The only reason I'm doing dual Tune and not a pure e85 one is. I can only get Pure ethanol in bulk but more so is that I leave my car siiting for long periods of time a few months here and there, and don't really want to leave the Ethanol in there that long, although I have teflon hoses ethanol friendly injectors pump etc. I might be paranoid from peope horror stories after a long period of time car being stored with ethanol in it.

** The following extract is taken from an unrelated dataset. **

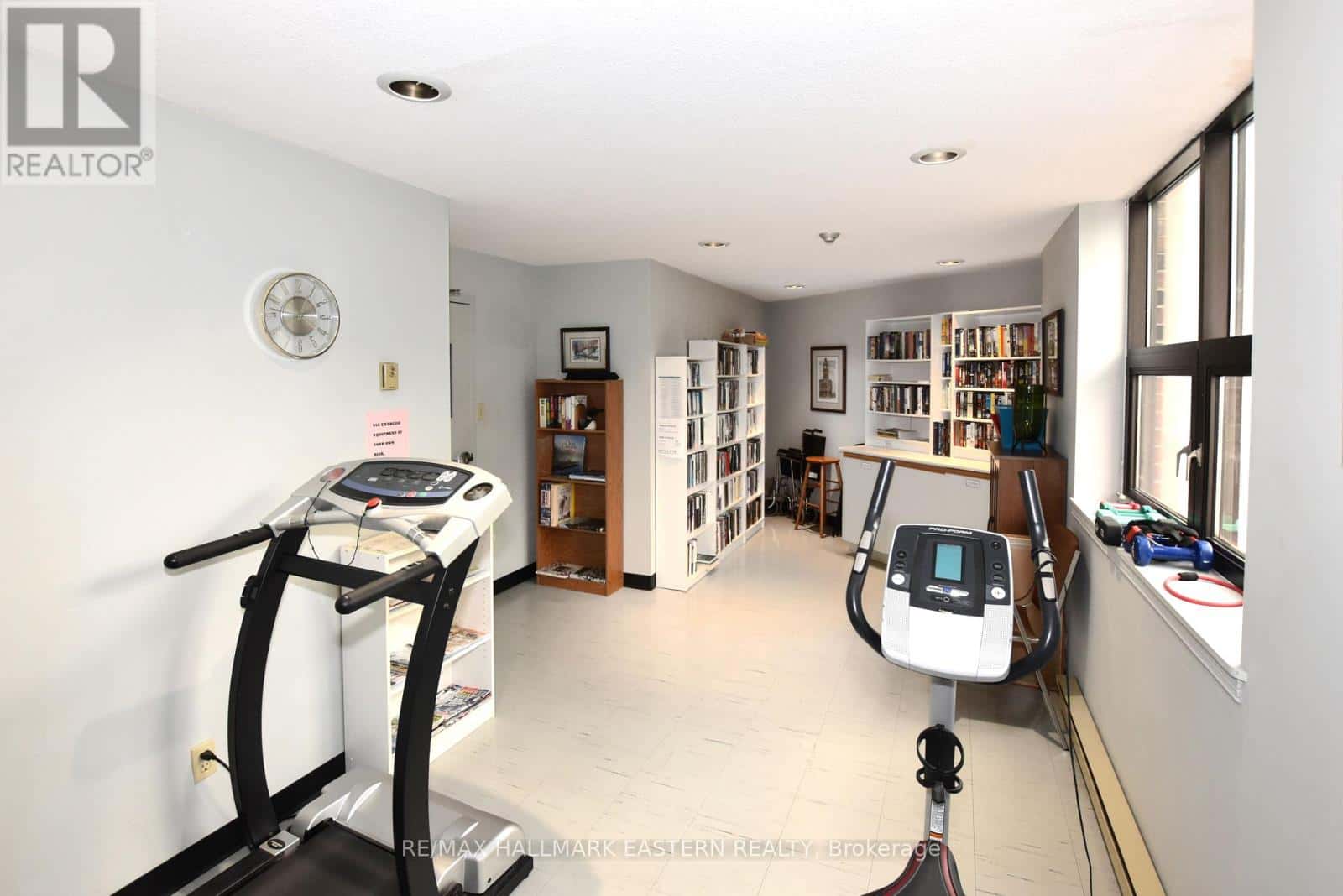 208 - 1111 WATER STREET — Peterborough (Northcrest Ward 5), Ontario - Photo 5 of 34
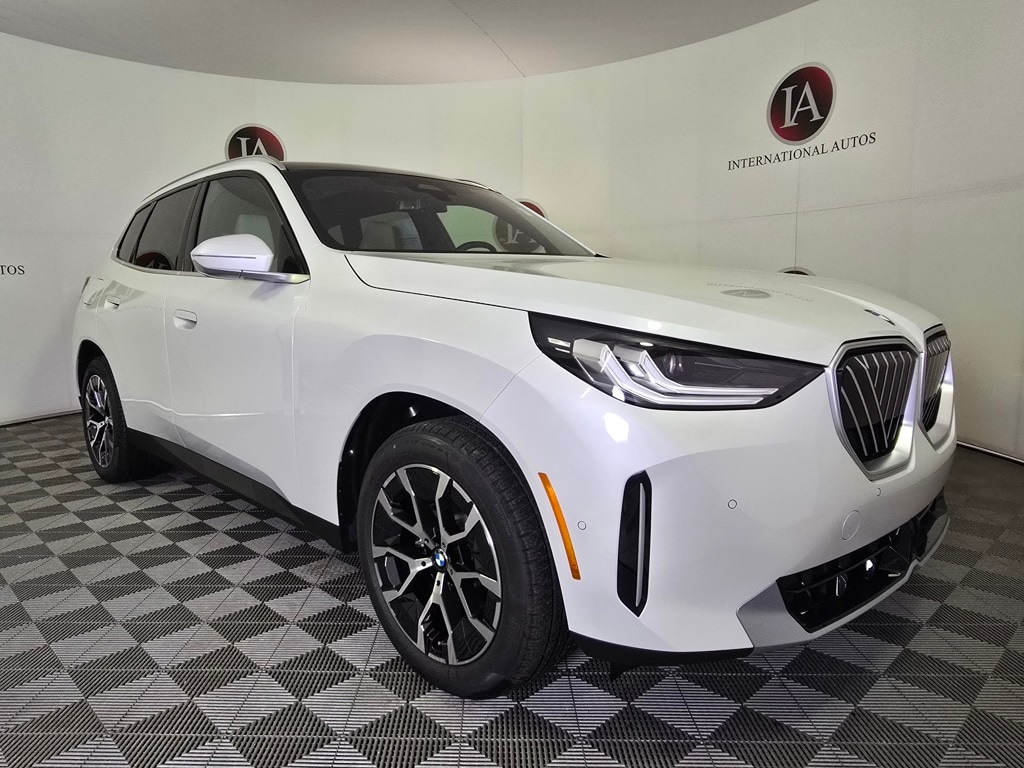 2026 BMW X3 30's photo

But if i get the same result next time I try it, I will just do my own e85 ish and keep a single tune.
DaX
Posts: 654
Joined: Tue Mar 18, 2003 3:48 pm

Re: Flex Fuel Sensor Compensation

Post by DaX »

Mine is definitely set up for flex fuel and I like it that way in case I can't find E85. All I'm saying is I haven't tested how it runs on 93 pump in almost 2 years. Mine gets run at least every 2 weeks. If not for some reason, I will swap over to 93 and run it for about 2-3 minutes to flush the system. I have done that a few times, but I just haven't really driven it around on 93 in a while.
UPSer
Posts: 1
Joined: Wed Mar 23, 2022 11:07 am

Re: Flex Fuel Sensor Compensation

Post by UPSer »

Hi, I'm trying to figure out if there is a way to mathematically calculate the ethanol fuel compensation values using the Stoichiometric AFR information that Spunkster posted? Here's how I think it's done using E85 as an example:

E85
9.75:1

Pure Gasoline
14.7:1

(14.7 - 9.75) / 14.7 = 0.3367

.3367 × 100 = 33.67 %

I think about 34% more fuel is required if you run E85. If my calculation is totally wrong, please show me if you know how. I'm sorry if I turned this into a math class.